This past weekend we took the plunge. I took the boys to a bee keeping class an hour away. It was scheduled to be three hours long. It went longer. At the two hour mark, I offered to leave early and get the rest of the information to review at home. There were no other children there. At ten, Boy two was deemed the youngest student the classes had seen. I don’t think they were flush with a history of thirteen year olds either.
I wondered if the boys would be intimidated by the six or so other adults. In things like getting cookies or choosing seats, they were. The minute things turned to bees, they didn’t even remember the other people were in the room. Boy two was raising his hand, asking questions, and offering his own ideas. I tried to kick him quiet with my toe, but before my foot touched him, it turns out he was saying the right answer.
When our delightful fourth generation, all organic bee keeper and teacher, took us out to open up a hive and look at the bees, Boy two was actually dancing. Boy one was motionless, watching every move she made.
If you want to go now, we can, said Boy one when I asked.
No way, said Boy two. I’m not missing anything. This is awesome.
Which probably makes you think there were bells and whistles instead of an off the cuff, slightly meandering, but very experienced beekeeper in her sixties. Boy two jiggled his foot and fiddled with knick knacks. Whenever there was a chance to walk around, both were up and moving. We went to the class with my provisos about not a done deal. If the bees seemed too complicated, the class too long, the whole thing too much work, anything, we could go home and call it a day.
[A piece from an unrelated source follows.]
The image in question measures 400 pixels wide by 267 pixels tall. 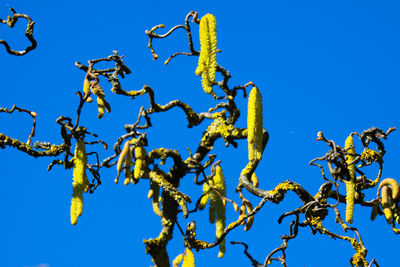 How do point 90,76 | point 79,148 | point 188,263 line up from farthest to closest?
1. point 90,76
2. point 79,148
3. point 188,263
We were the last to leave. We left with a book, equipment, and two hives to paint and set up in preparation for our bees which will arrive mid-June. For the way home, Boy two was squished in the back seat with hive parts beside him, at his feet, and on his lap. Boy one was in similar straights in the front. The car was peaceful; the boys content.
I know I don’t show it like Boy two, said Boy one. But I’m really, really excited about this. Thanks for taking us to the class today.
I smiled relieved that I was right. It was his intent look, I’d been watching all afternoon, not his polite one.
The bees are a win-win in my mind. In the best case scenario, the kids love it, we get honey, they get money, and my apple trees get pollinated. In the worst case scenario, we try it, the bees don’t work for us to upkeep, so we stop with the hope that in a small way, we added to the honey bee population on the farm.
I’ve already started looking at recipes if we make it until the honey comes.